## Problem details
Please find the line that holds "肛肠科检查为什么总要用手指摸肛门？肛瘘手术后还会复发吗？" below and reproduce it, along with every line after it through the end, exactly and without pictures.

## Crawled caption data
______________________________

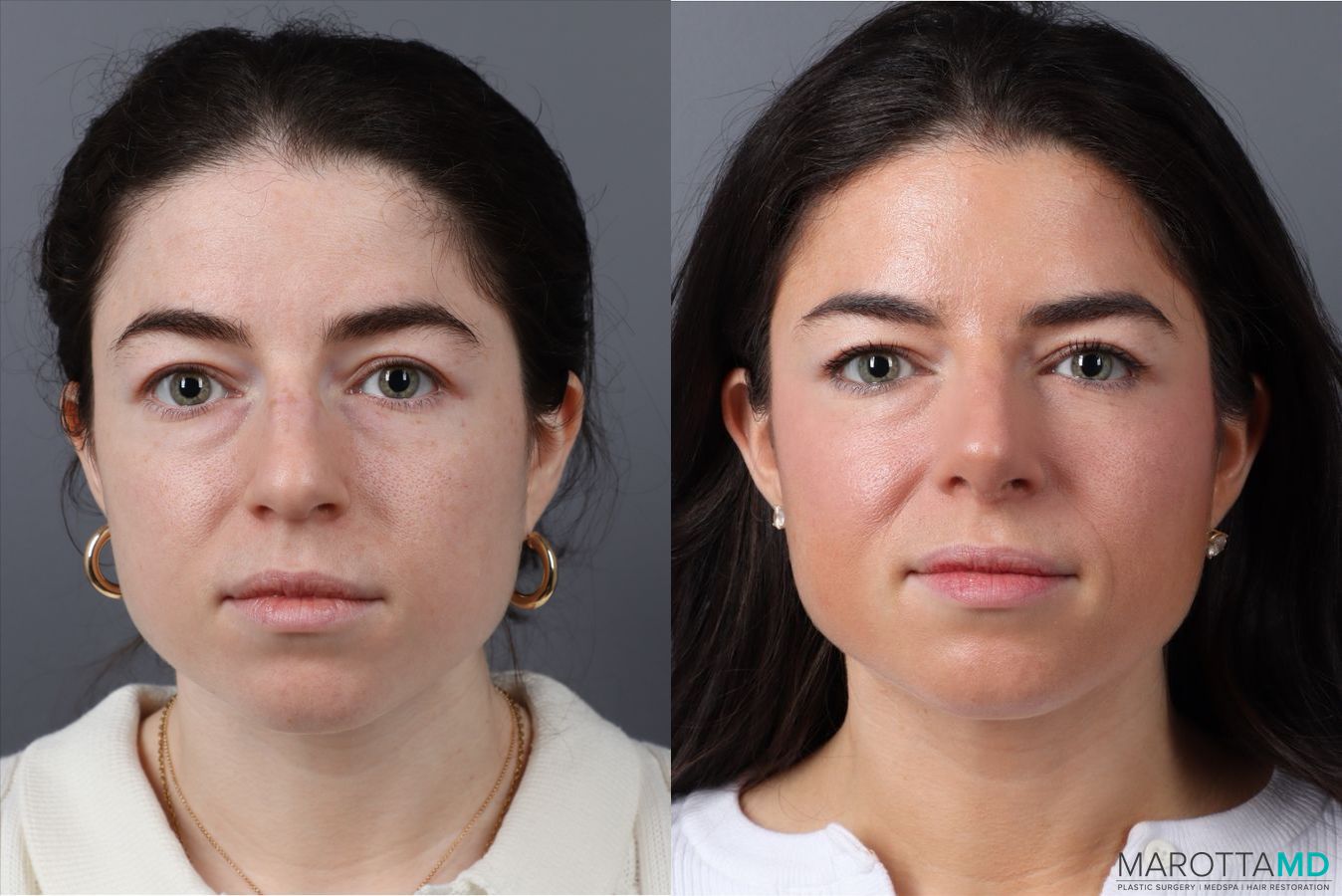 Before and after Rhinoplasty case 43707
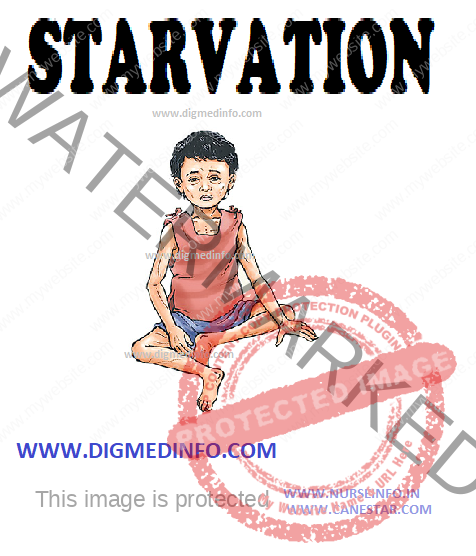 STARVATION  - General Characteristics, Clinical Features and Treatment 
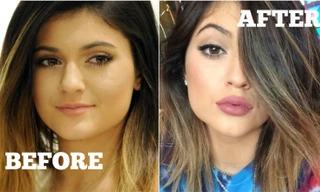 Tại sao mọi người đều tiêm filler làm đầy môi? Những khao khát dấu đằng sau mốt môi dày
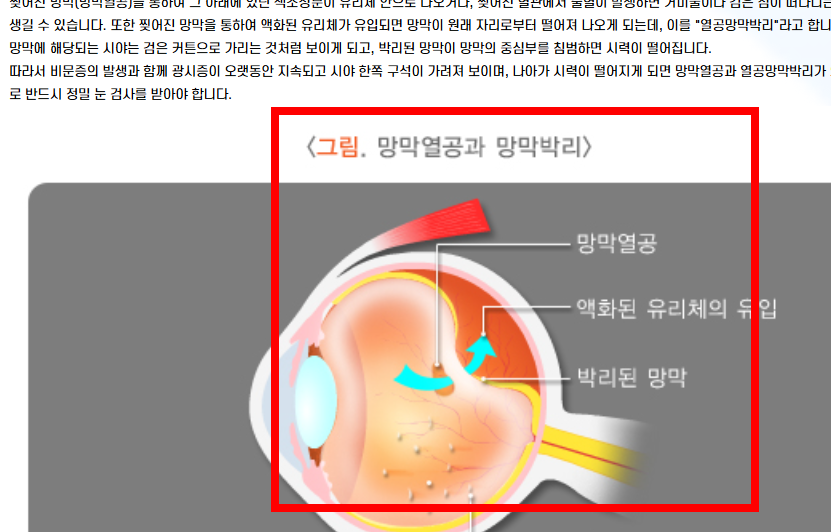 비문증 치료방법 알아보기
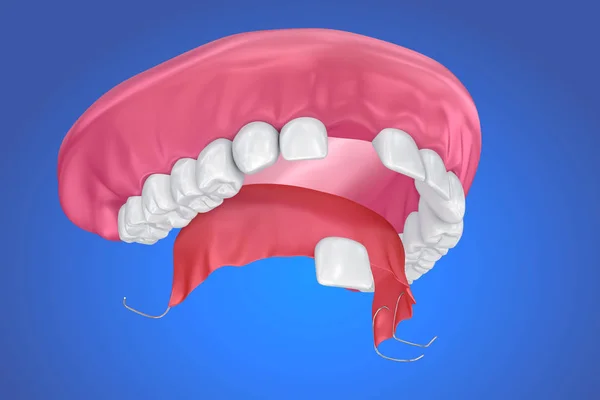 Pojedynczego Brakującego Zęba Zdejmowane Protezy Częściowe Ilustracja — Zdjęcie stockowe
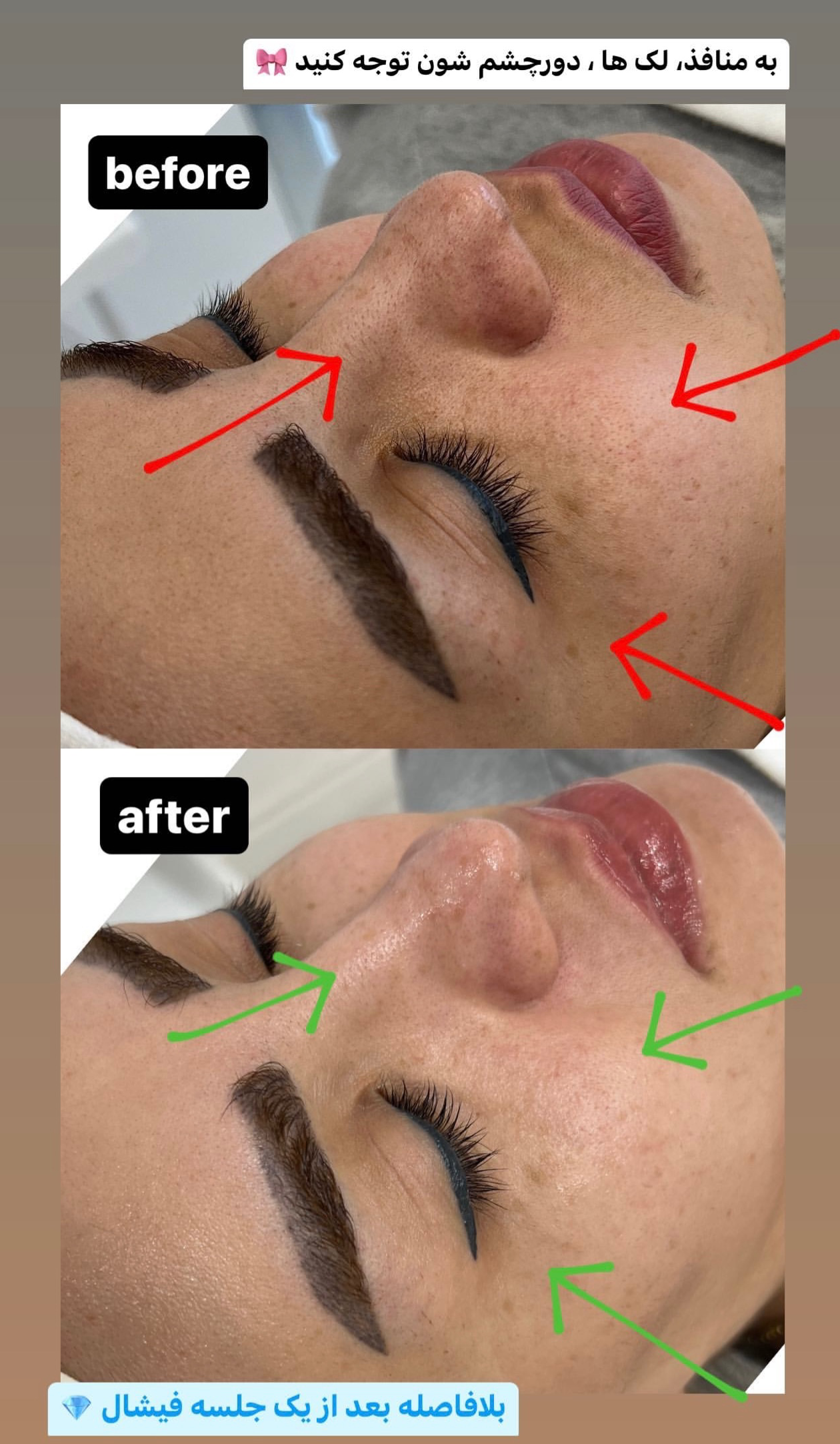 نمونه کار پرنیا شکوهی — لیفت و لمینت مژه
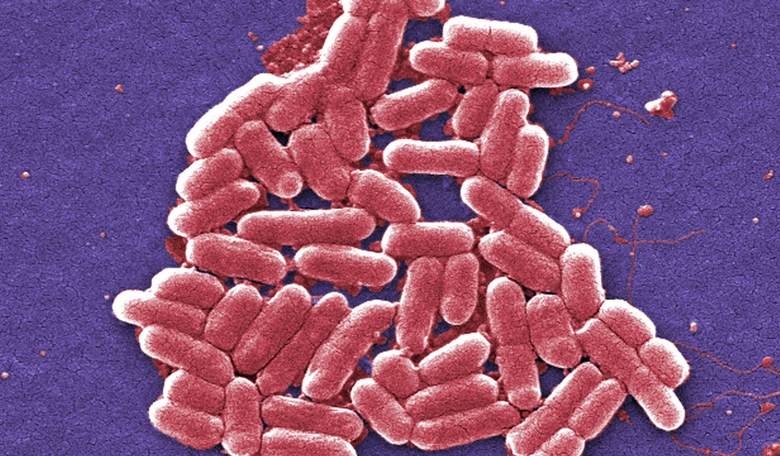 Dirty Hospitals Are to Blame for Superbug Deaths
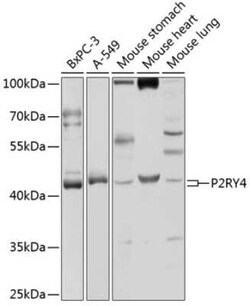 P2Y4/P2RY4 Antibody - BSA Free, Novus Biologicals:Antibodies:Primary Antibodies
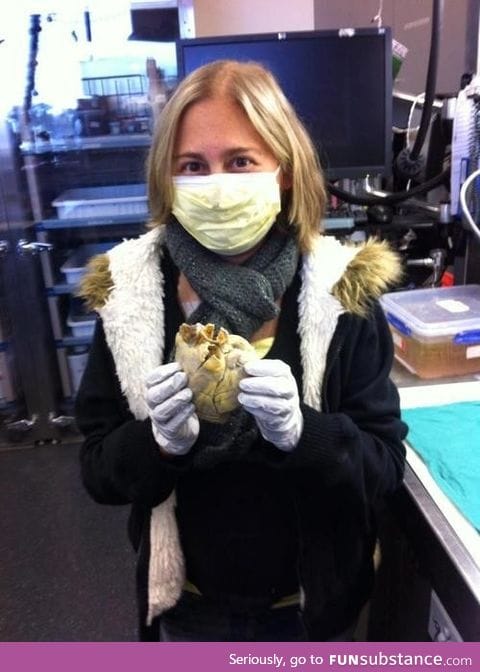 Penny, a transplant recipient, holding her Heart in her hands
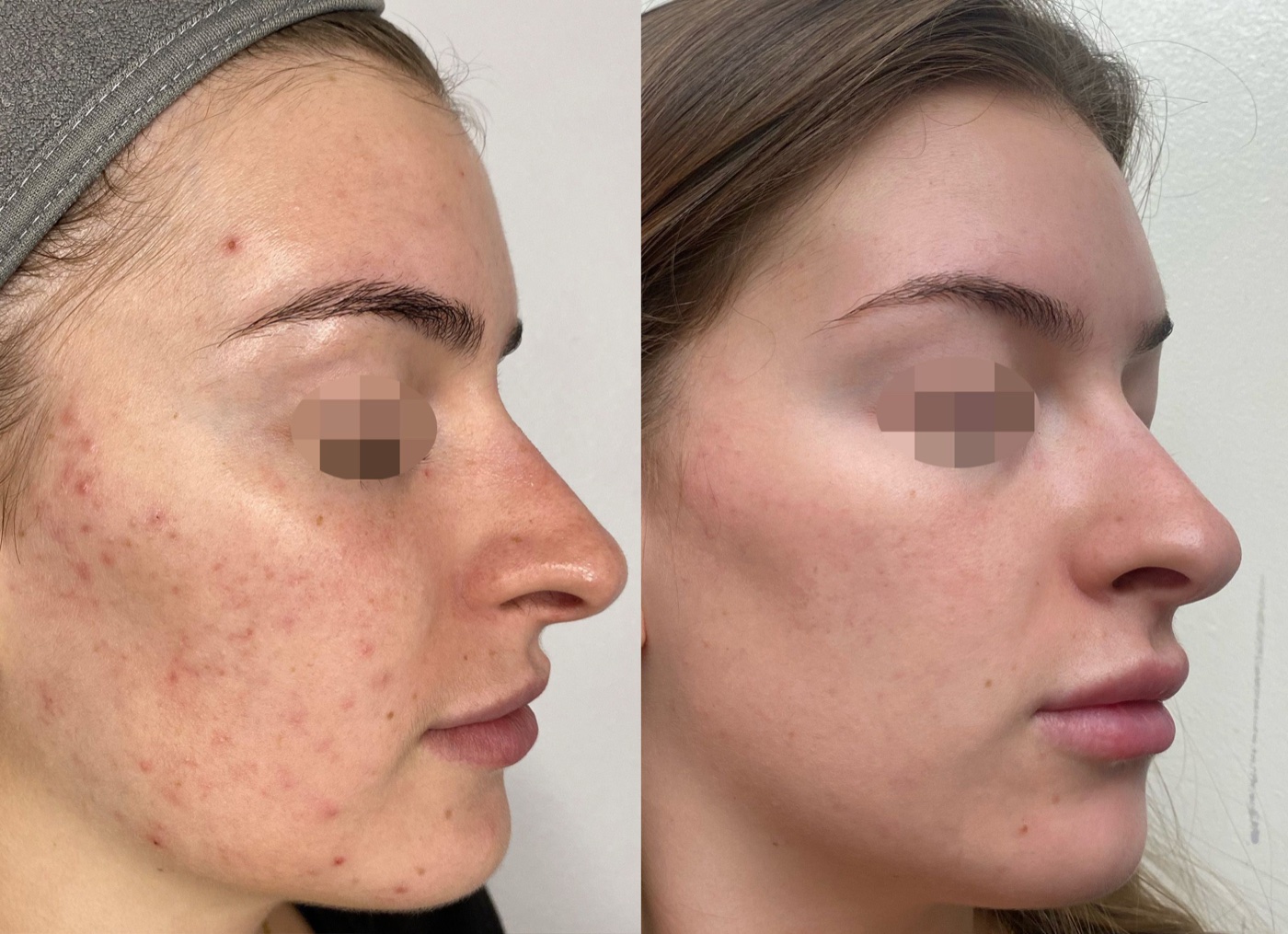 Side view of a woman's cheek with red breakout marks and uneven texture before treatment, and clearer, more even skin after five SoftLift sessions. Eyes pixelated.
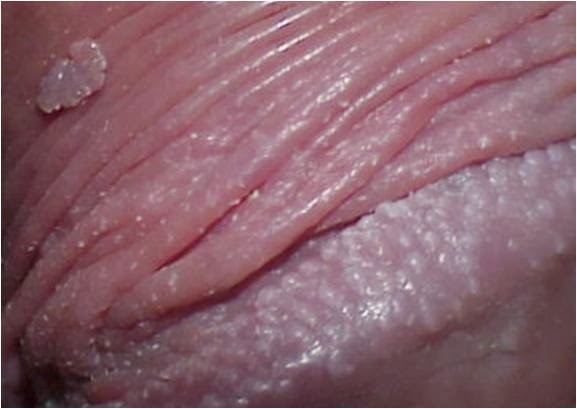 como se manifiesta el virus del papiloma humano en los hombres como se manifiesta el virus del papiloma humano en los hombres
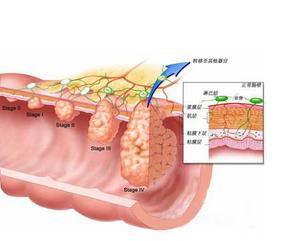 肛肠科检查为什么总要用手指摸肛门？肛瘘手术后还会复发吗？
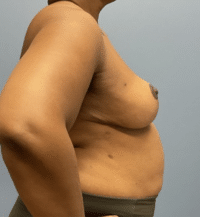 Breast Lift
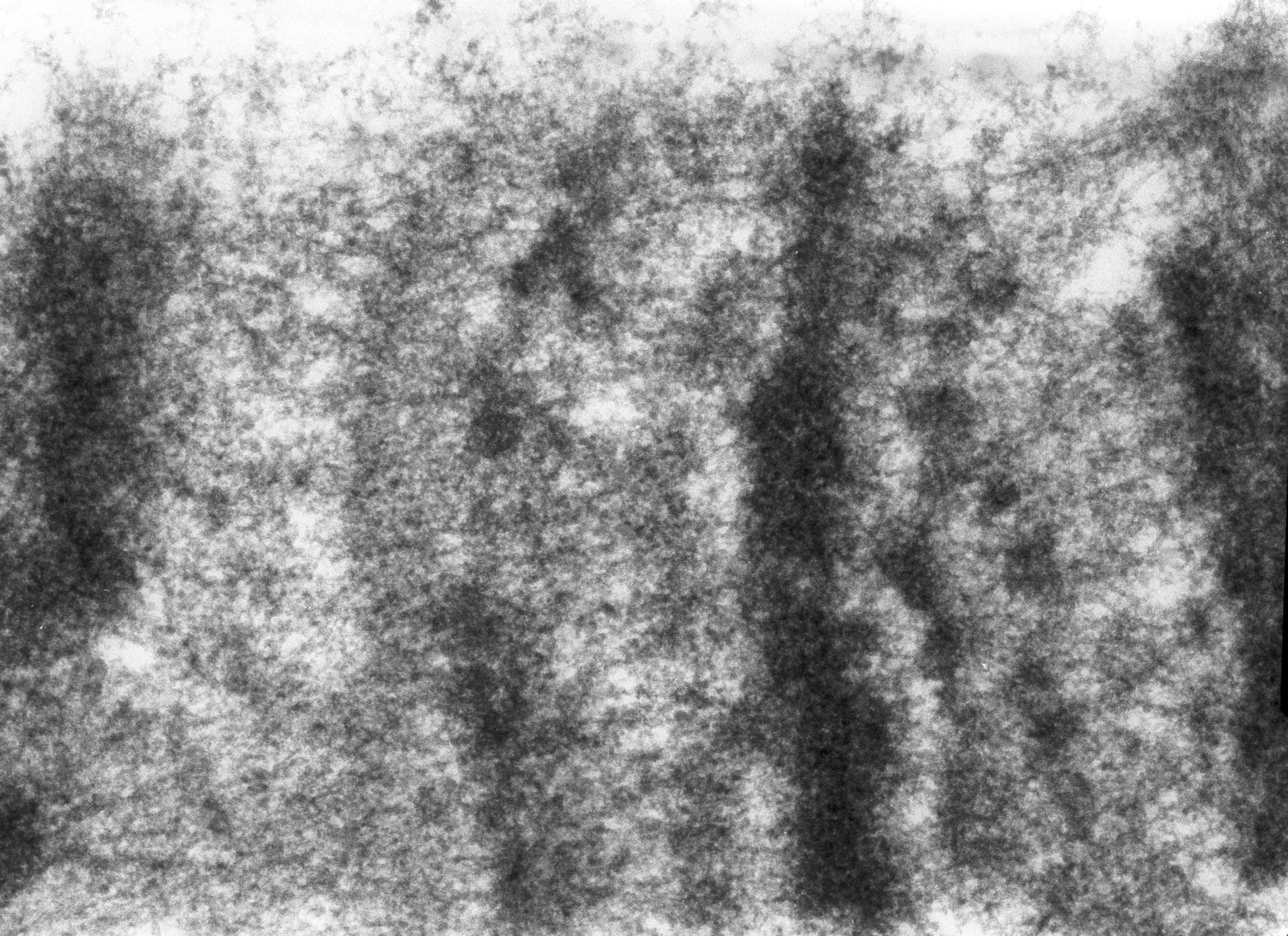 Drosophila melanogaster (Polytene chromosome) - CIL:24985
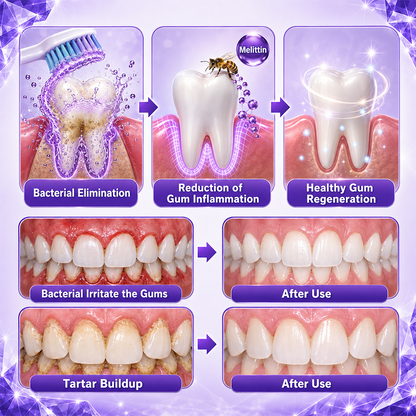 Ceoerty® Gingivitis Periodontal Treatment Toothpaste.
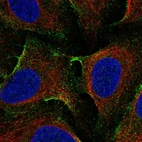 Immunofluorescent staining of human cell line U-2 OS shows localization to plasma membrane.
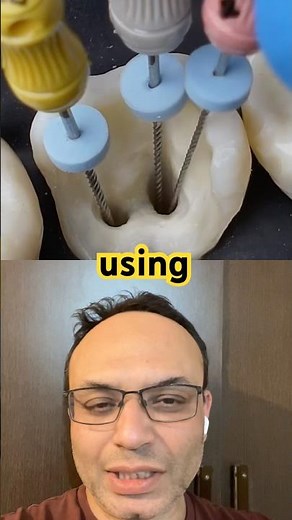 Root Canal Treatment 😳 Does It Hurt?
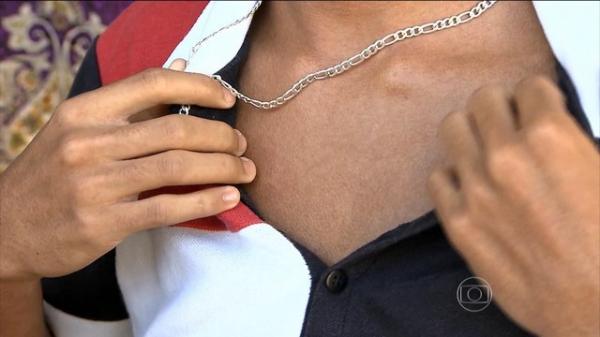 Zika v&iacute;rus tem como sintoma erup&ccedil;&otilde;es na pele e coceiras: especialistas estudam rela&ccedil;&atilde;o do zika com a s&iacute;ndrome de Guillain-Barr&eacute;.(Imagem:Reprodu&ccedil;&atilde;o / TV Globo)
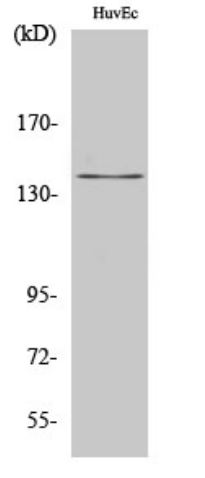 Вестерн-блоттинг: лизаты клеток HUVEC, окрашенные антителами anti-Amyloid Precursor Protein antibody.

______________________________

## Finished exercise
 肛肠科检查为什么总要用手指摸肛门？肛瘘手术后还会复发吗？
 Breast Lift
 Drosophila melanogaster (Polytene chromosome) - CIL:24985
 Ceoerty® Gingivitis Periodontal Treatment Toothpaste.
 Immunofluorescent staining of human cell line U-2 OS shows localization to plasma membrane.
 Root Canal Treatment 😳 Does It Hurt?
 Zika v&iacute;rus tem como sintoma erup&ccedil;&otilde;es na pele e coceiras: especialistas estudam rela&ccedil;&atilde;o do zika com a s&iacute;ndrome de Guillain-Barr&eacute;.(Imagem:Reprodu&ccedil;&atilde;o / TV Globo)
 Вестерн-блоттинг: лизаты клеток HUVEC, окрашенные антителами anti-Amyloid Precursor Protein antibody.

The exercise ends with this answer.